Multi-Speaker DOA Robustness: Improve handling of more than two simultaneous speakers
Joint Training Strategy: Explore end-to-end training of DOA estimation and speaker diarization
System Performance Enhancement: Further optimize overall system performance

In-Depth Evaluation

Strengths

Strong Innovation:
- First to effectively integrate explicit DOA cues into S2SND framework
- Proposes simulated DOA strategy addressing multi-channel data scarcity
- Well-designed two-stage training strategy
Comprehensive Experiments:
- Full evaluation on standard datasets
- Detailed ablation studies and analysis
- Fair comparison with SOTA methods
Solid Technical Foundation:
- Clever DOA integration method similar to positional encoding
- Addresses multi-channel array adaptation
- Supports both online and offline application scenarios
High Practical Value:
- Significant performance improvements (up to 19%+ relative gains)
- Good parameter efficiency
- Extensible to different array configurations

Weaknesses

Method Limitations:
- Constrained by SRP-DNN's two-speaker limitation
- Requires retraining DOA module for different arrays
- Authenticity of simulated DOA needs verification
Experimental Scope:
- Validation only on AliMeeting dataset
- Lacks robustness analysis under different acoustic conditions
- No computational complexity analysis provided
Insufficient Theoretical Analysis:
- Lacks theoretical explanation for DOA effectiveness
- No analysis of performance under different noise and reverberation conditions

Impact

Academic Contribution: Provides new perspectives on spatial information utilization in speaker diarization
Practical Value: Directly applicable to meeting transcription systems
Reproducibility: Detailed implementation details facilitate reproduction

Applicable Scenarios

Meeting Transcription: Real-time and offline speaker diarization for multi-person meetings
Intelligent Meeting Systems: End-to-end meeting understanding combined with speech recognition
Multi-Channel Speech Processing: Any speech separation task requiring spatial information utilization

References

The paper cites 36 relevant references covering key works in speaker diarization, multi-channel signal processing, and deep learning, providing a solid theoretical foundation for the research.

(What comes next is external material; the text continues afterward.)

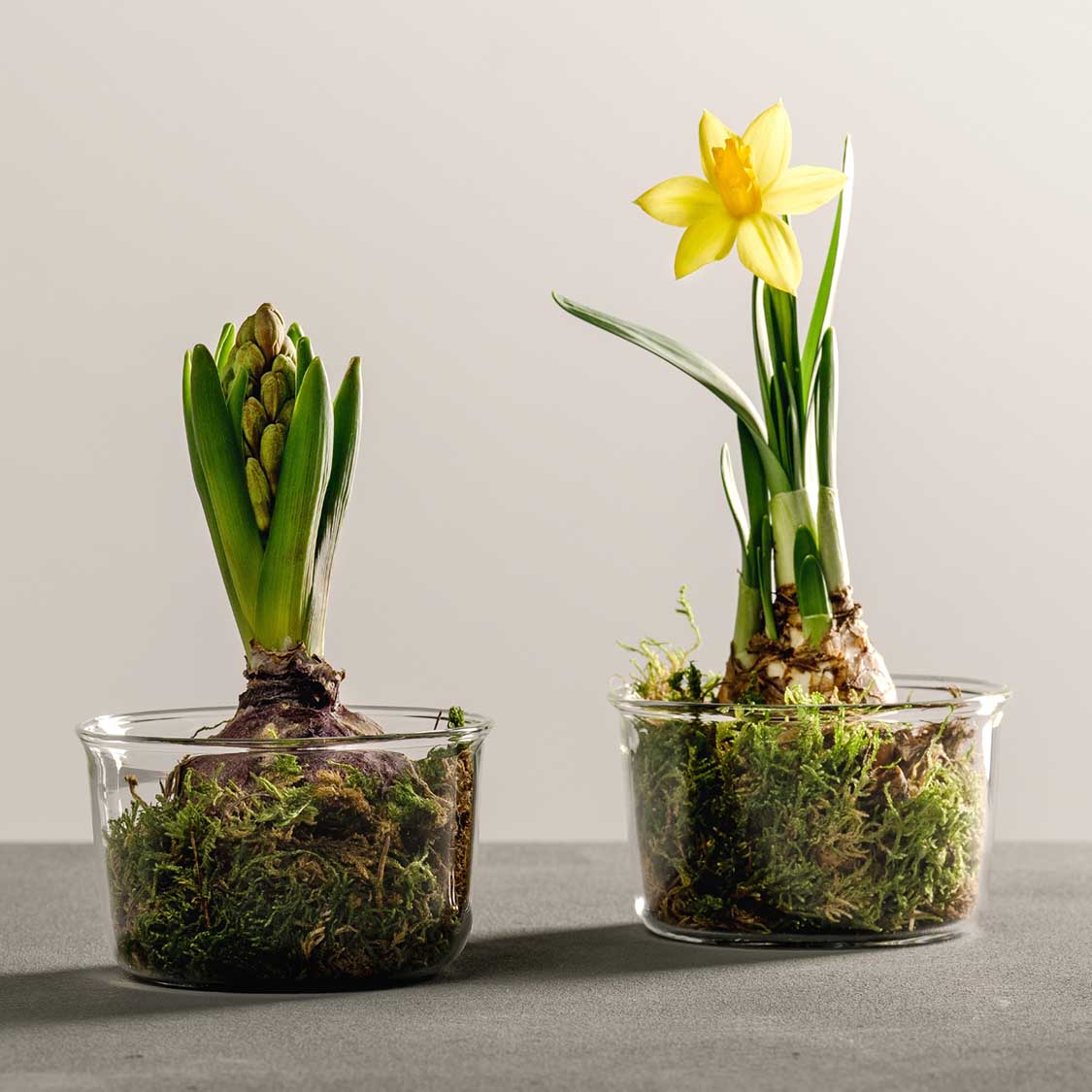 Zwei Glassschalen VETRO mit Frühjahrsblühern und Moos gefüllt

Overall Assessment: This is a high-quality research paper that proposes innovative methods for utilizing spatial information in speaker diarization. The experimental design is rigorous, results are convincing, and practical value is substantial. The main innovation lies in effectively integrating explicit DOA cues into the sequence-to-sequence framework and solving the multi-channel data scarcity problem through clever training strategies.